Flat Bones.—Where the principal requirement is either extensive protection or the provision of broad surfaces for muscular attachment, the bones are expanded into broad, flat plates, as in the skull, the pelvis, sternum, rib cage, and the scapula.

These bones are composed of two thin layers of compact tissue enclosing between them a variable quantity of cancellous tissue, which is the location of red bone marrow. In an adult, most red blood cells are formed in flat bones.

In the cranial bones, the layers of compact tissue are familiarly known as the tables of the skull; the outer one is thick and tough; the inner is thin, dense, and brittle, and hence is termed the vitreous table.

The intervening cancellous tissue is called the diploë, and this, in certain regions of the skull, becomes absorbed so as to leave spaces filled with air (air-sinuses) between the two tables.

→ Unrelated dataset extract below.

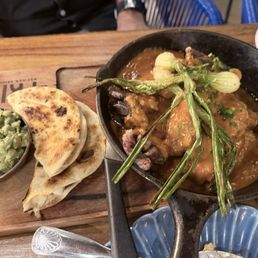 Beef short rib in habanero sauce with 2 quesadillas and guacamole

The flat bones are: the occipital, parietal, frontal, nasal, lacrimal, vomer, scapula, os coxæ (hip bone), sternum, and ribs.

There are five general classifications of bones: (1) Long bones, (2) Short bones, (3) Flat bones, (4) Irregular bones, and (5) Sesamoid bones.

This article was originally based on an entry from a public domain edition of Gray's Anatomy. As such, some of the information contained herein may be outdated. Please edit the article if this is the case, and feel free to remove this notice when it is no longer relevant.

Bone and cartilage - edit
cartilage: chondroblast, chondrocyte, perichondrium, types (hyaline, elastic, fibrous), fibrocartilage callus, metaphysis

bone: ossification (intramembranous, endochondral, epiphyseal plate), cycle (osteoblast, osteoid, osteocyte, osteoclast), types (cancellous, cortical), regions (epiphysis, diaphysis), structure (osteon/Haversian system, Haversian canals, endosteum, periosteum, Sharpey's fibres, lacunae, canaliculi, trabeculae, medullary cavity, bone marrow), shapes (long, short, flat, irregular, sesamoid)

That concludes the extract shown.